Collected data entries:
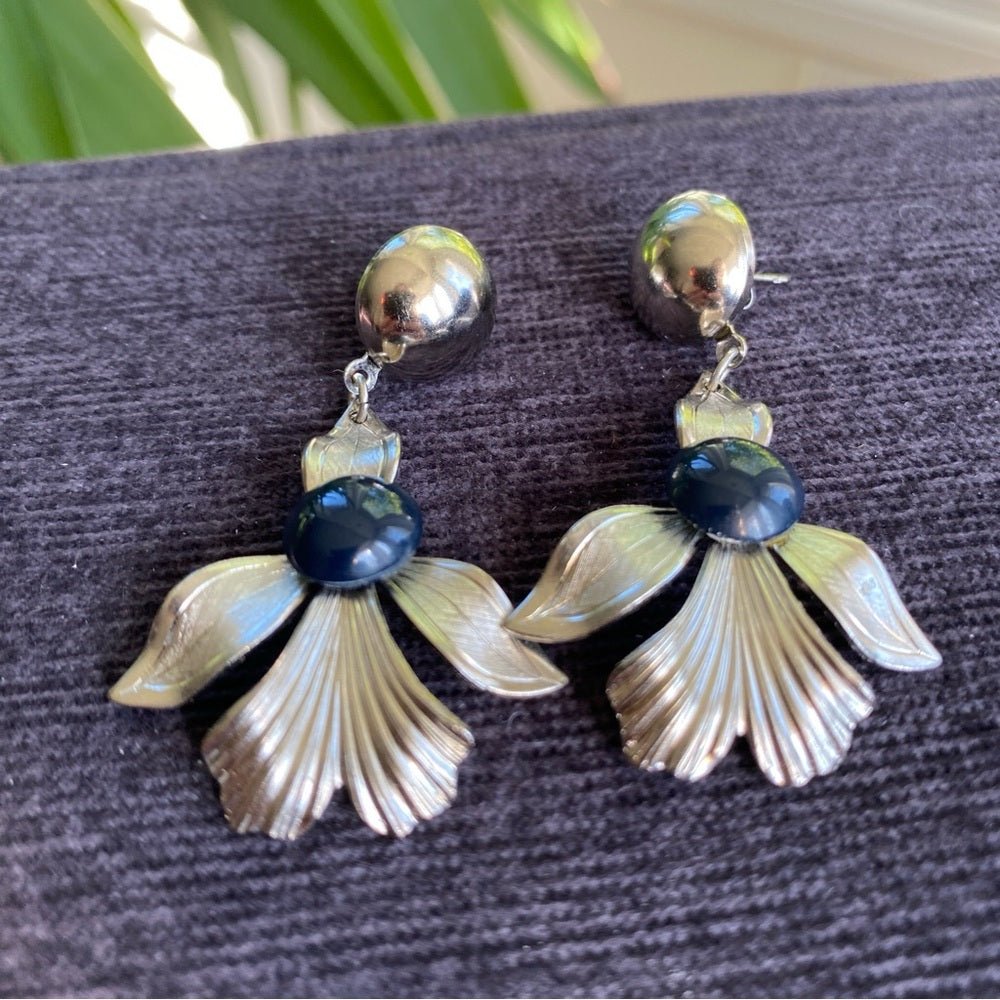 EarringsVintage 1950s Fleur-de-Lis Drop Earrings with Navy Cabochon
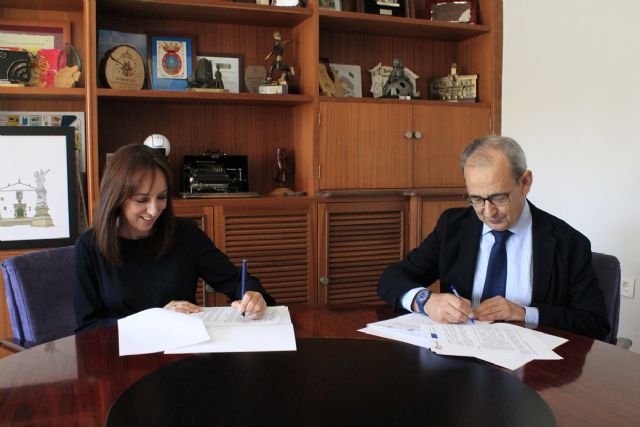 El Ayuntamiento de Bullas firma un convenio de colaboración con Amusal para fomentar el emprendimiento colectivo en el municipio
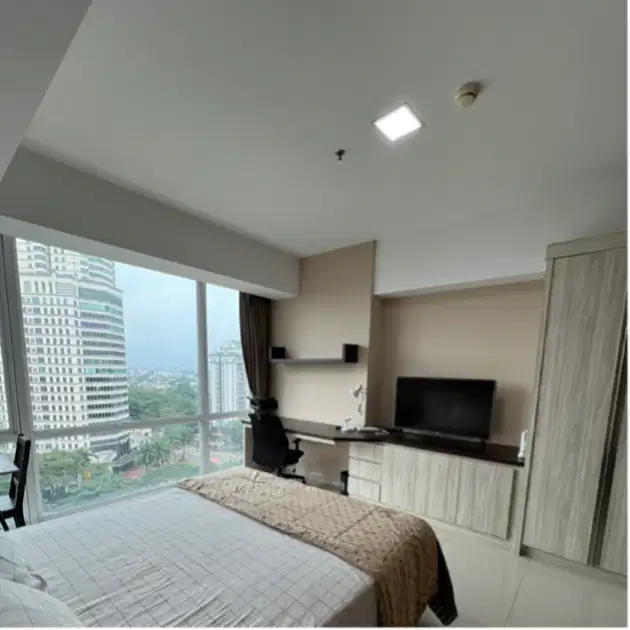 Modern Studio Apartment with City Views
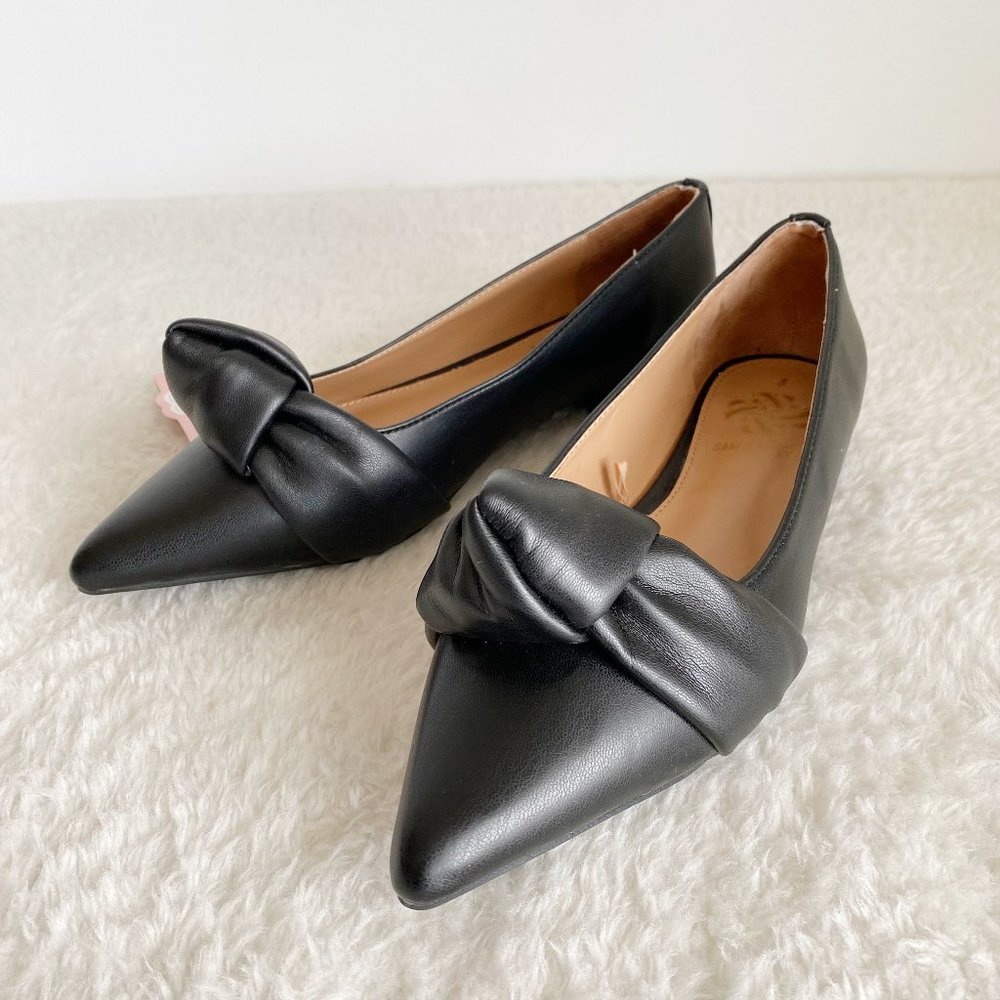 Sam&Libby Women's Laurena Knotted Flat, Black Leather, Size 8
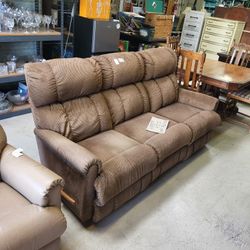 Lazyboy Recliner Reclining Sofa.  Manual Recline Lever. Excellent Condition 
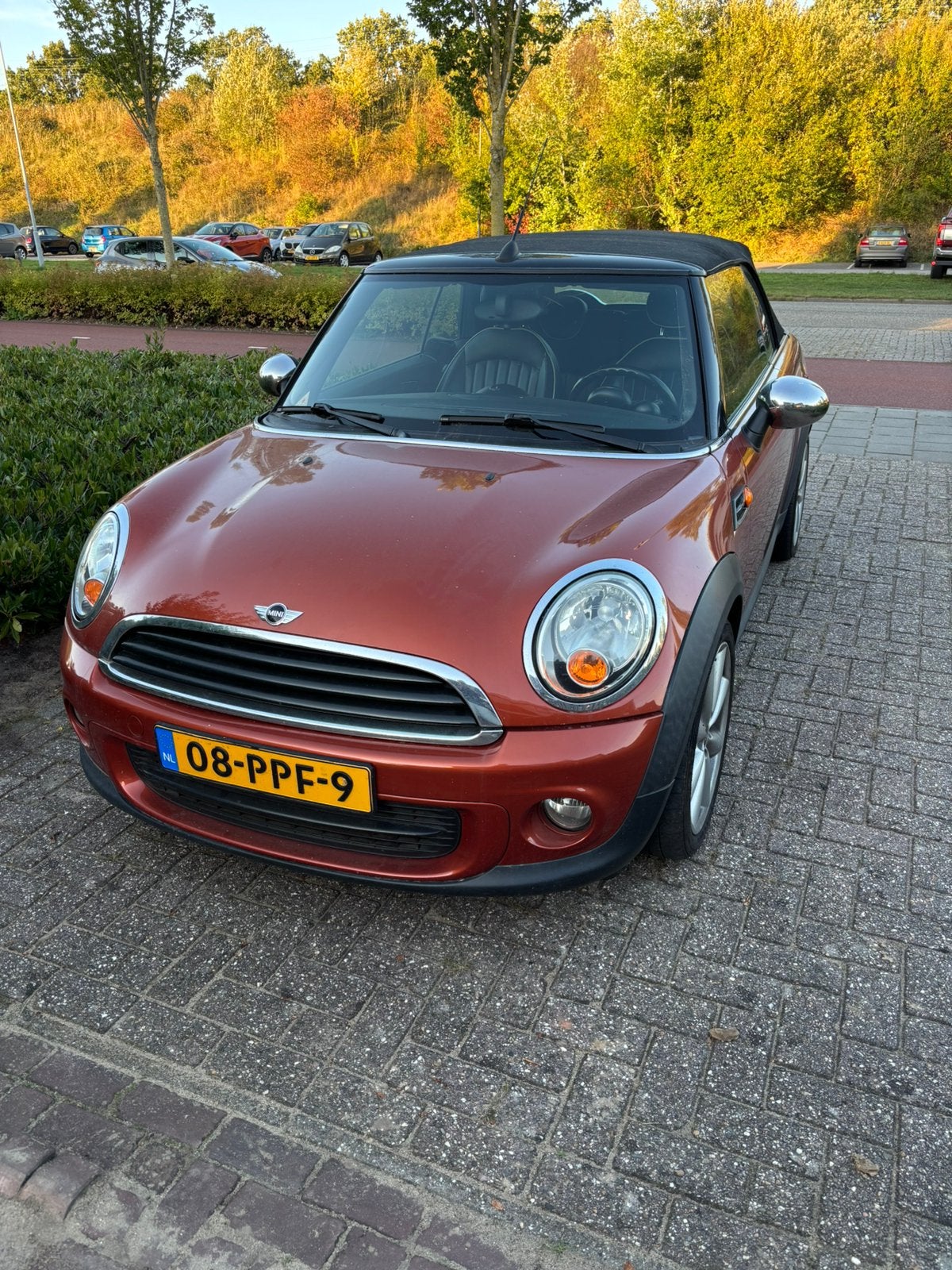 Mini 1.6 ONE Cabrio 2011, Auto's, Voorwielaandrijving, Cabriolet, 4 stoelen, 49 €/maand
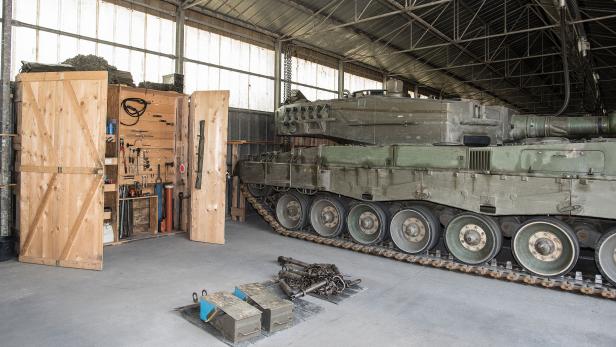 Werkstatt und Lagerhalle für Leopard-Panzer in Wels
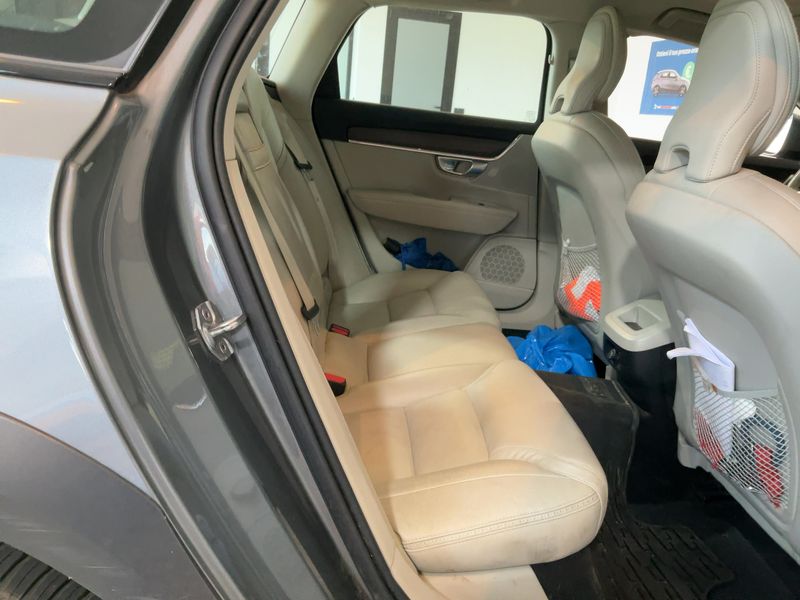 Volvo V90 Cross Country 2.0 T5 Business Plus AWD — zdjęcie 14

EXERCISE DESCRIPTION: Please reproduce the lines above from the one containing "Modern Studio Apartment with City Views" through the final line, exactly and inclusively, leaving out each picture.

ANSWER TO THIS EXERCISE:
 Modern Studio Apartment with City Views
 Sam&Libby Women's Laurena Knotted Flat, Black Leather, Size 8
 Lazyboy Recliner Reclining Sofa.  Manual Recline Lever. Excellent Condition 
 Mini 1.6 ONE Cabrio 2011, Auto's, Voorwielaandrijving, Cabriolet, 4 stoelen, 49 €/maand
 Werkstatt und Lagerhalle für Leopard-Panzer in Wels
 Volvo V90 Cross Country 2.0 T5 Business Plus AWD — zdjęcie 14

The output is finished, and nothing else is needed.